BC Dairy Goes Bold to Help People be Proud About Milk - Cowsmo

BC Dairy Goes Bold to Help People be Proud About Milk

The BC Dairy Association’s new avant-garde creative is a far cry from milk moustaches and pouring the beverage into cereal, but the industry association hopes its a way to entice younger Canadians.

The “Nothing Better” campaign is built around an interpretive dancer tiptoeing her way through glasses of milk, a decadent Fellini-esque dinner party, a mindfulness retreat and an urban overpass streetscape, populated by youngsters getting ice cream from a truck.

“By exuding boldness and confidence, we want to empower people to keep enjoying the things they love, including milk and dairy products, without being held back by what other people might think,” says James Sadler, ECD of TAXI Vancouver, which developed the spot.

Milk consumption in liters per capita has been slowly declining for two decades, and BC Dairy hopes its hopes this new, experimental approach resonates with a younger demo, a group that’s experiencing particularly steep declines in milk consumption.

But the campaign is built on insights that while younger consumers are reticent to share their love of dairy products publicly – be it due to perceptions about its health value or environmental impact – they still like to enjoy the foods associated with it like ice cream, and the food they can make with it, according to Jennifer Woron, director of marketing for the BC Dairy Association,

“What we wanted to do with this campaign is to provide confidence in making choices for yourself and feeling good about them,”  she says.

“Taxi lead us in a very artistic approach to the creative, something that was very different than we’ve ever done for milk or dairy products,” she adds. “Our hope is that it does capture an attitude we are trying to portray, reinforcing making choices for yourself and doing it in an artistic, eye-catching, beautiful way.”

The “Nothing Better” campaign will run over the next year from August to July (across four phases that each focus on different themes) and will be video-focused, featuring 60, 30, 15, and 6-second spots.
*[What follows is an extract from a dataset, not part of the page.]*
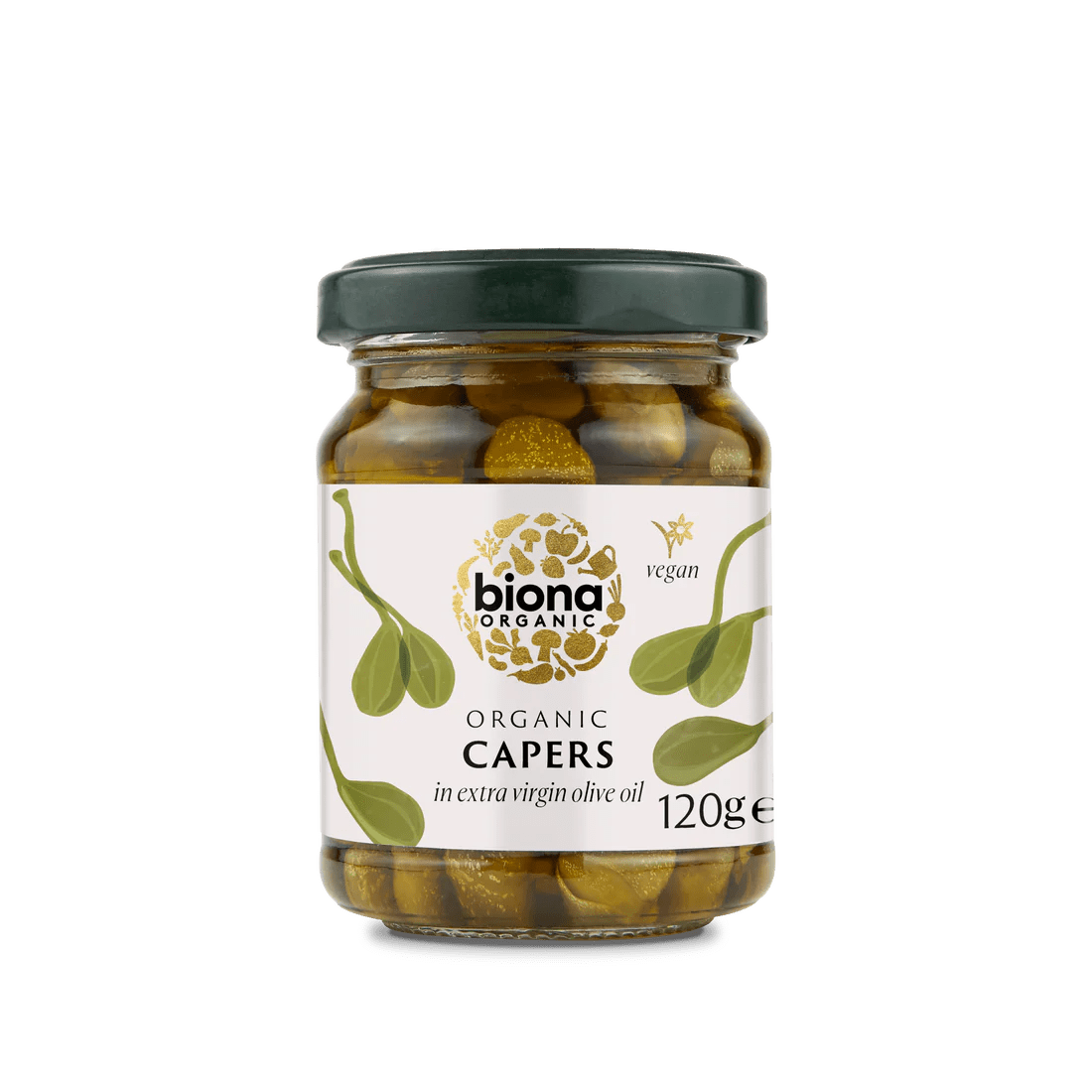 Organic Capers in Extra Virgin Olive Oil - 120g from Biona | Available at Sow & Arrow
While it will air throughout the province in cinemas, the campaign will predominantly run on digital platforms with a focus on audio on, high-quality content destinations, the brand says.

BC Dairy is explicitly targeting younger consumers with the digital-first approach, but the cinema element has a role there too. “We had always envisioned this campaign to be in movie theatres,” Woron says, as the more cinematic approach it is taking will play well in that environment.

The organization is also rolling out its new barn/carton logo, aimed at consolidating the previously-separate BC Dairy Association and BC Milk brand identities into a single logo and brand.

The Association recently launched a more brand-focused campaign effort about promoting farmers and milk as a local product, “It’s ready,” BC Dairy’s focus on milk around meal time usage occasions, which will have another iteration coming in the fall.

The ad spend is comparable to other efforts it’s had in market around this time of year, Woron says. The media partner is OMD.